Why Angela Merkel Is Wrong On Greece
The latest judgment of the European
Court of Justice (ECJ) casts a harsh light on the flawed construction of
a currency union without a political union. In the summer of 2012 all
citizens owed Mario Draghi a debt of gratitude for uttering a single
sentence that saved them from the disastrous consequences of the threat
of an immediate collapse of their currency.
By announcing the purchase if need be of
unlimited amounts of government bonds, he pulled the chestnuts out of
the fire for the Eurogroup. He had to press ahead alone because the
heads of government were incapable of acting in the common European
interest; they remained locked into their respective national interests
and frozen in a state of shock. Financial markets reacted then with
relief over a single sentence with which the head of the European
Central Bank simulated a fiscal sovereignty he did not possess. It is
still the central banks of the member states, as before, which act as
the lender of last resort.
The ECJ has not ruled out this
competence as contrary to the letter of the European Treaties; but as
a consequence of its judgment the ECB can in fact, subject to a few
restrictions, occupy the room for manoeuvre of just such a lender of
last resort. The court signed off on a rescue action that was not
entirely constitutional and the German federal constitutional court will
probably follow that judgment with some additional precisions. One is
tempted to say that the law of the European Treaties must not be
directly bent by its protectors but it can be tweaked even so in order
to iron out, on a case by case basis, the unfortunate consequences of
that flawed construction of the European Monetary Union (EMU). That flaw
– as lawyers, political scientists and economists have proven again and
again over the years – can only be rectified by a reform of the
institutions.
The case that is passed to and from
between Karlsruhe and Luxembourg shines a light on a gap in the
construction of the currency union which the ECB has filled by means of
emergency relief. But the lack of fiscal sovereignty is just one of the
many weak spots. This currency union will remain unstable as long as it
is not enhanced by a banking, fiscal and economic union. But that means
expanding the EMU into a Political Union if we want to avoid even
strengthening the present technocratic character of the EU and overtly
writing off democracy as merely decorative.
Those dramatic events of 2012 explain
why Mario Draghi is swimming against the sluggish tide of a
short-sighted, nay panic-stricken policy mix.

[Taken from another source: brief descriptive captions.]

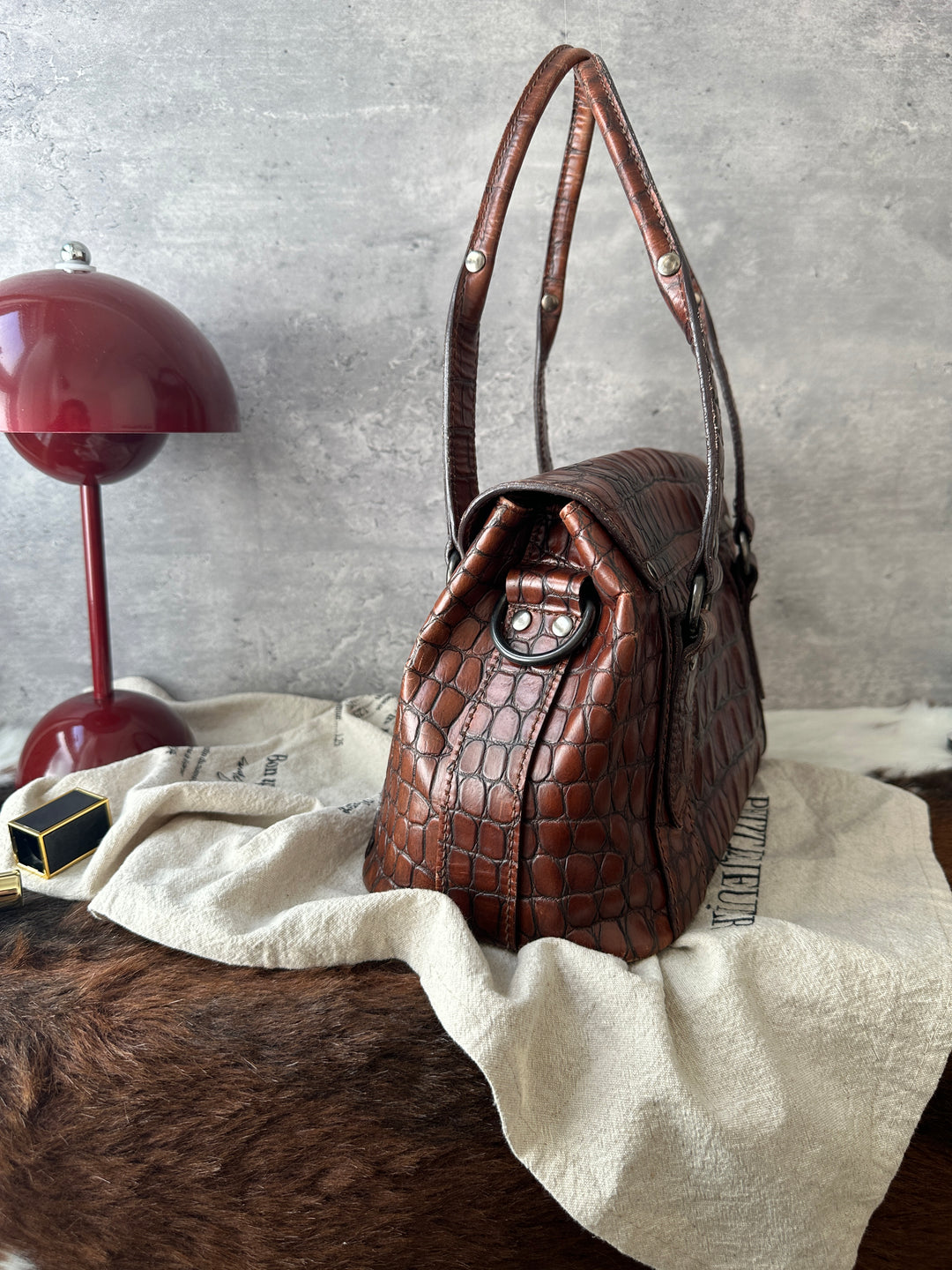 Miu Miu Croc-Embossed Leather Shoulder Bag ✨｜Rich Caramel Tone × Vintage Sophistication × Statement Texture
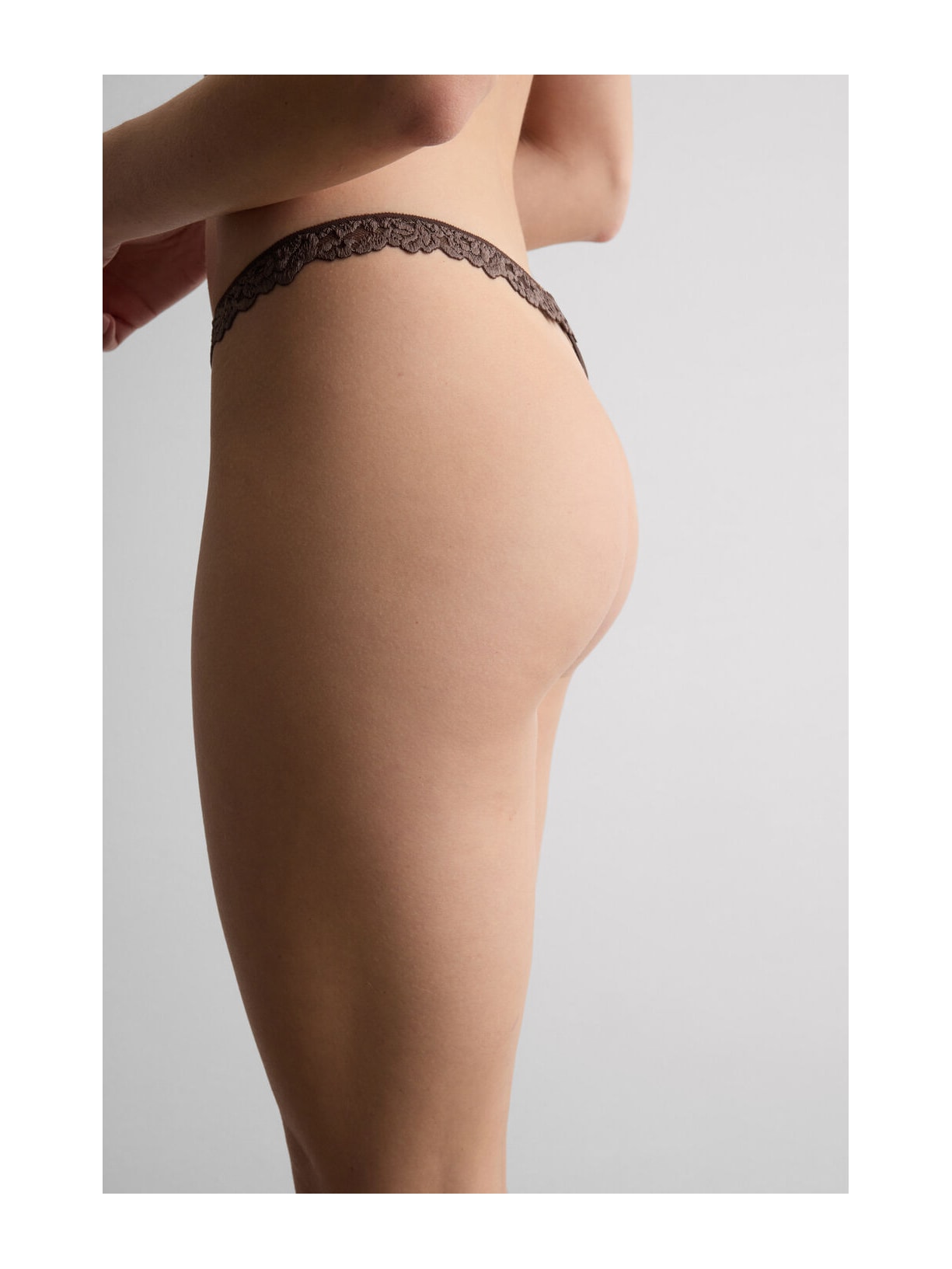 Calcinha Fio Dental Pretty Flowers Marrom Intimissimi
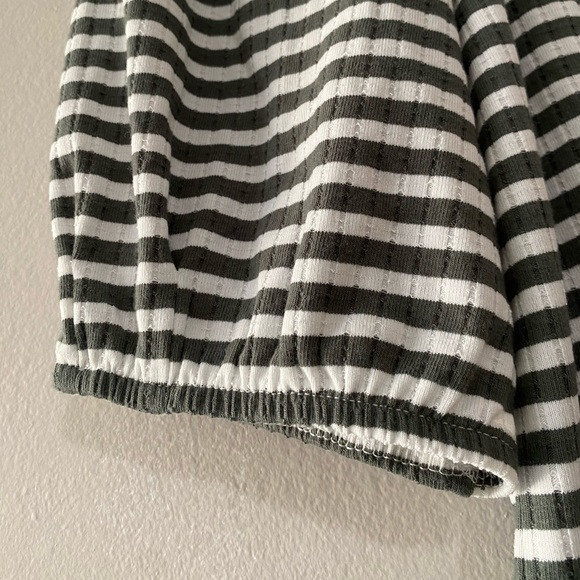 VERO MODA sz S Junior White and Olive Green Stripes Feminine Pullover Top - Picture 5 of 12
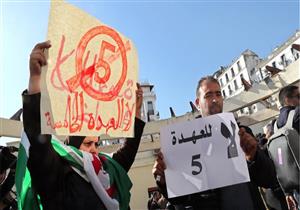  جميلة بوحيرد في الميدان.. أيقونة ثورة التحرير تنضم لمتظاهري الجزائر (صورة)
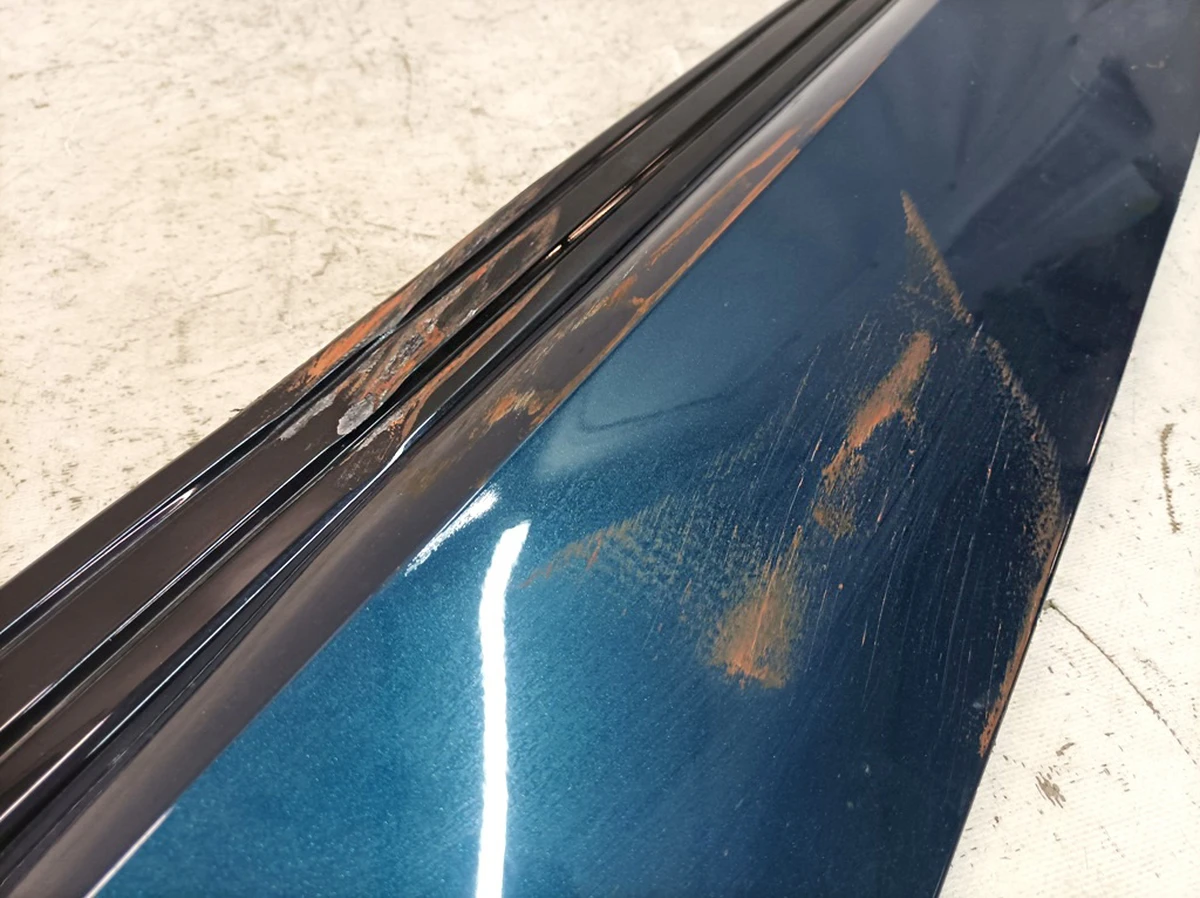 Накладка нижняя двери передней правой с повреждением Galaxisblau Metallic V5Z Audi E-tron 4KE853960A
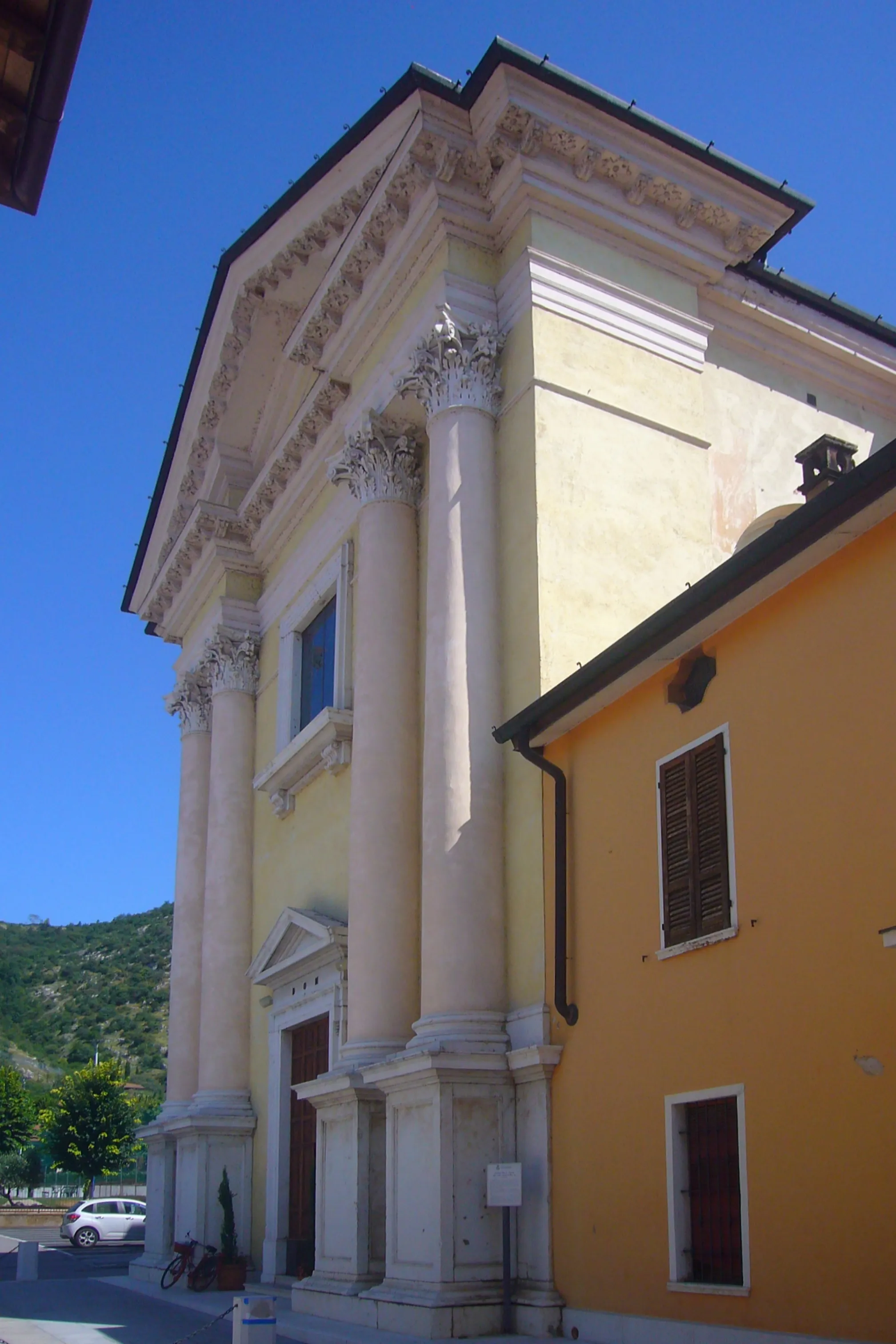 Photo showing: La chiesa dei Santi Zeno e Rocco a Mazzano, in provincia di Brescia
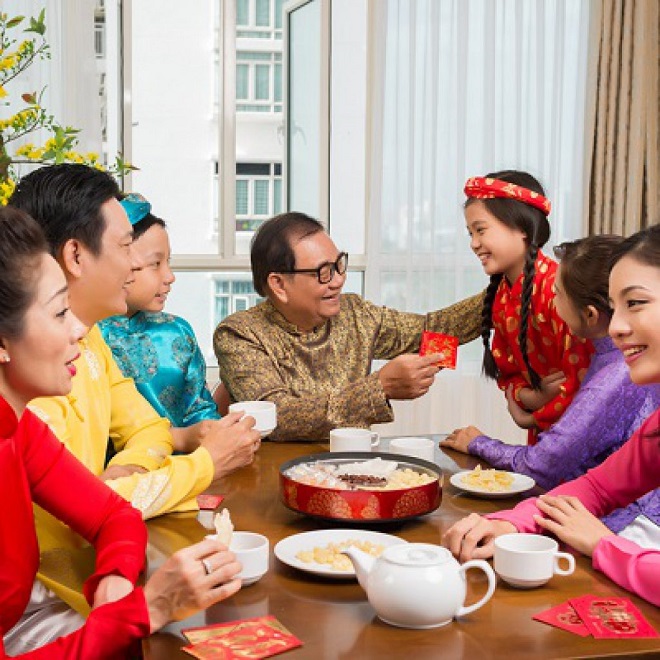 bé đi chúc tết ông bà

With the change of
government in Greece he immediately piped up: “We need a quantum leap in
institutional convergence…. We must put to one side a rules-based
system for national economic policy and instead hand over more
sovereignty to common institutions.” Even if it’s not what one expects a
former Goldman Sachs banker to say, he even wanted to couple these
overdue reforms with “more democratic accountability” (Süddeutsche Zeitung, March 17, 2015).
These were the words of someone who had
learned that the wrangling behind closed doors among heads of government
only thinking of their national voter base is simply not good enough if
one wants to achieve the necessary fiscal, economic and social policy
decisions. Today, three months later, the ECB is yet again at work
buying time for incapable governments with emergency lending.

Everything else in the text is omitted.